=== DATA TO EXAMINE ===
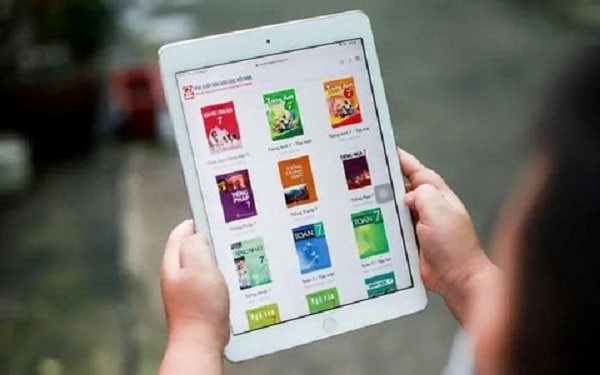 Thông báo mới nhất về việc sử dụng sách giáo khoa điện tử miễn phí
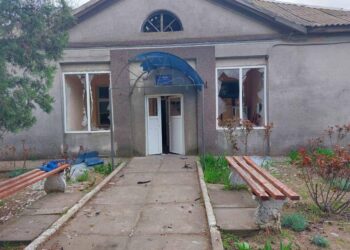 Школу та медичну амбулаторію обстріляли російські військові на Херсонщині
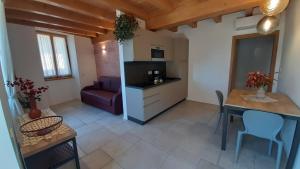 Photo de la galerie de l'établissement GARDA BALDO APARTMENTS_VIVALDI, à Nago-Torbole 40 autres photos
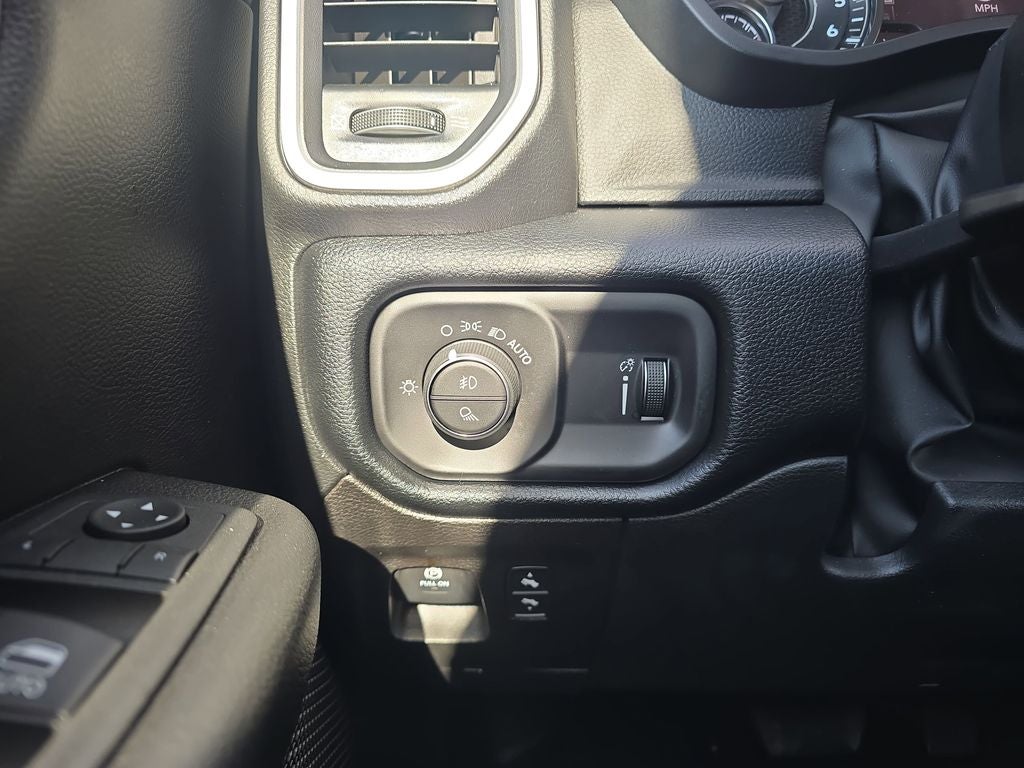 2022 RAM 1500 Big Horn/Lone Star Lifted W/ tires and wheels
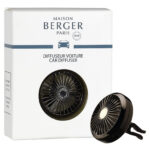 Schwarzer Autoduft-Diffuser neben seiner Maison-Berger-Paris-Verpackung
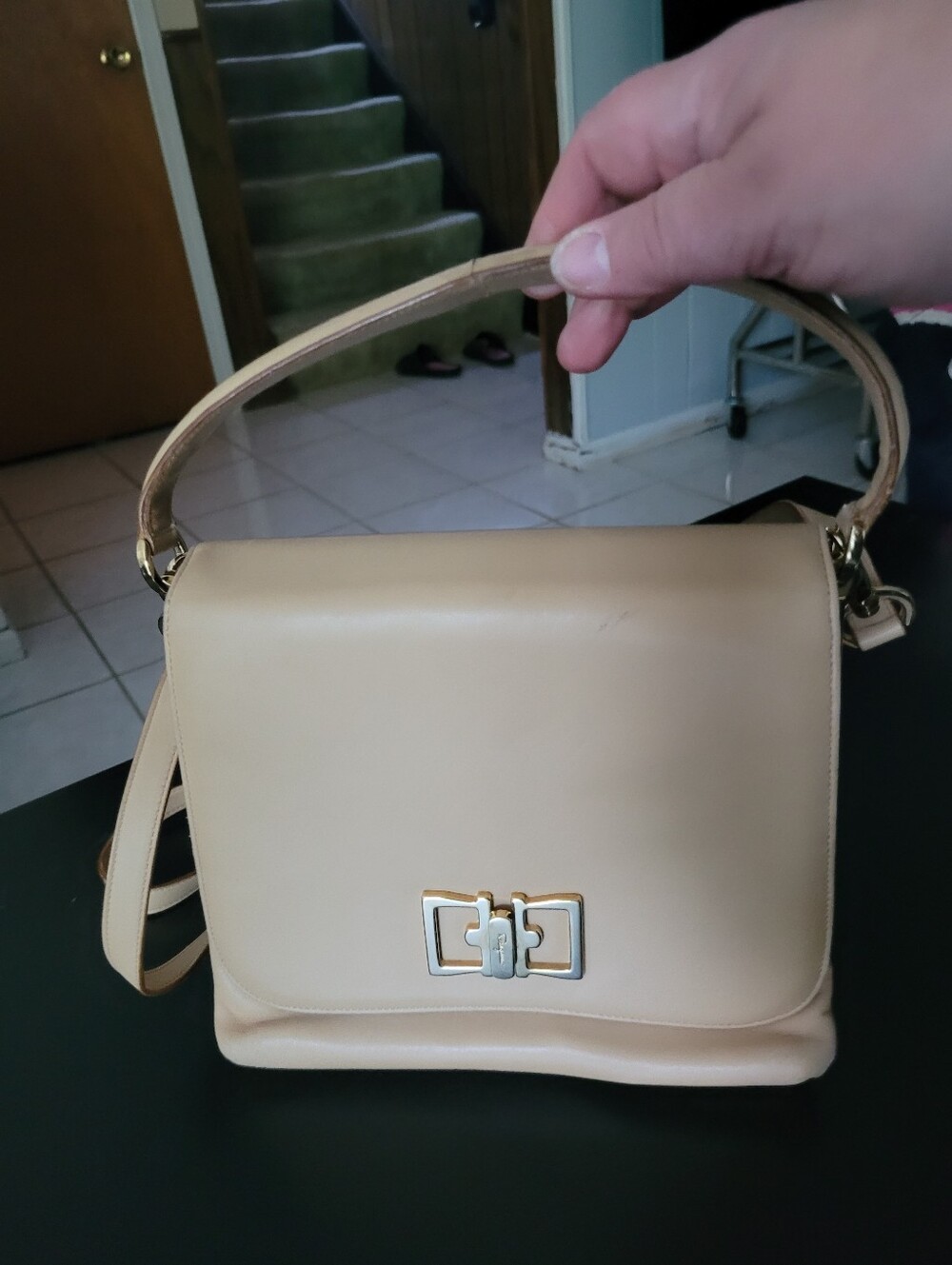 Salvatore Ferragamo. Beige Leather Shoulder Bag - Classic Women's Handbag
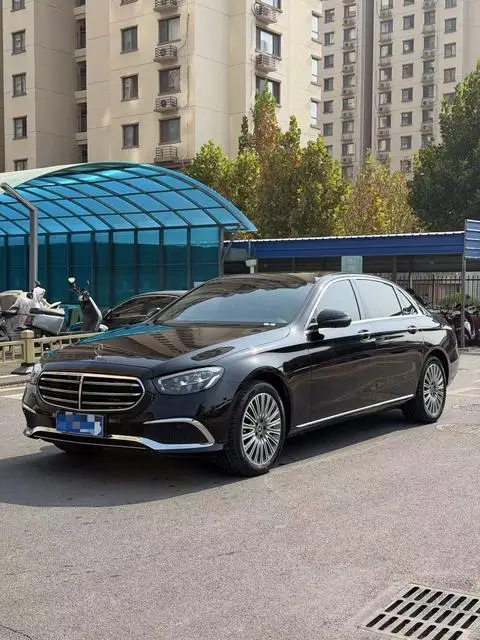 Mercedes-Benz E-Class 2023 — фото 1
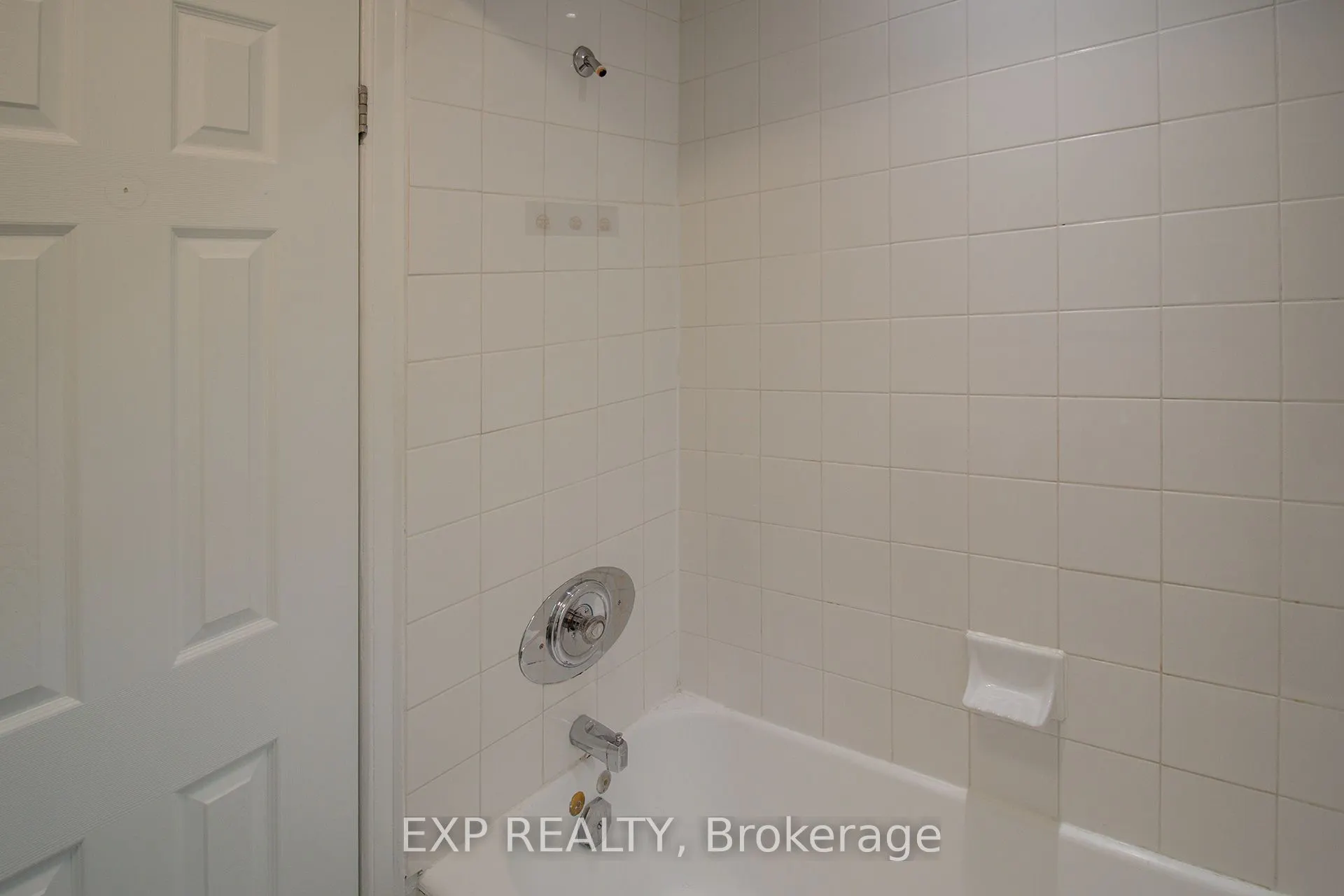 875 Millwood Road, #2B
===
=== DATA TO EXAMINE ===
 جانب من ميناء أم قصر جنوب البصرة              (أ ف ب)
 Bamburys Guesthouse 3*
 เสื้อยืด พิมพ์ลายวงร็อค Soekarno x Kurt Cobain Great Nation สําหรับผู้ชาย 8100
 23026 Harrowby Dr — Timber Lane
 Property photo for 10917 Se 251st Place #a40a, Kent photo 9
===
_WHAT YOU ARE ASKED TO DO:_ Only the lines above starting with the line with "Mercedes-Benz E-Class 2023 — фото 1" and going on through the line with "875 Millwood Road, #2B" belong in the answer; repeat them exactly, minus any picture.

_WRITTEN REPLY:_
 Mercedes-Benz E-Class 2023 — фото 1
 875 Millwood Road, #2B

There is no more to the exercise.